What to work on: In the entries below, find the line with "Polícia apreende cobras" and the line with "Ikan-Udang di Laut". Print those two and everything between them exactly, and nothing else.

Available data:
Content starts

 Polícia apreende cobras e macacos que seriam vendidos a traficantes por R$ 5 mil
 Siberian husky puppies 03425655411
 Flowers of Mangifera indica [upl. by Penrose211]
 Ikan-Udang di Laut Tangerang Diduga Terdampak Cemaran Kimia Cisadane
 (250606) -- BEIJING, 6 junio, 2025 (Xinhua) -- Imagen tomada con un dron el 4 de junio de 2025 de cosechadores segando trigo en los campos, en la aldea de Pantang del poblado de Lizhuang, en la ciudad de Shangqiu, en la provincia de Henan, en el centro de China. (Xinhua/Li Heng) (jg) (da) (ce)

Content ends
Content starts

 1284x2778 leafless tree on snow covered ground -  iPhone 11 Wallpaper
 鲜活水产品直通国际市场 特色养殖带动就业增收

Content ends

Exercise result:
 Polícia apreende cobras e macacos que seriam vendidos a traficantes por R$ 5 mil
 Siberian husky puppies 03425655411
 Flowers of Mangifera indica [upl. by Penrose211]
 Ikan-Udang di Laut Tangerang Diduga Terdampak Cemaran Kimia Cisadane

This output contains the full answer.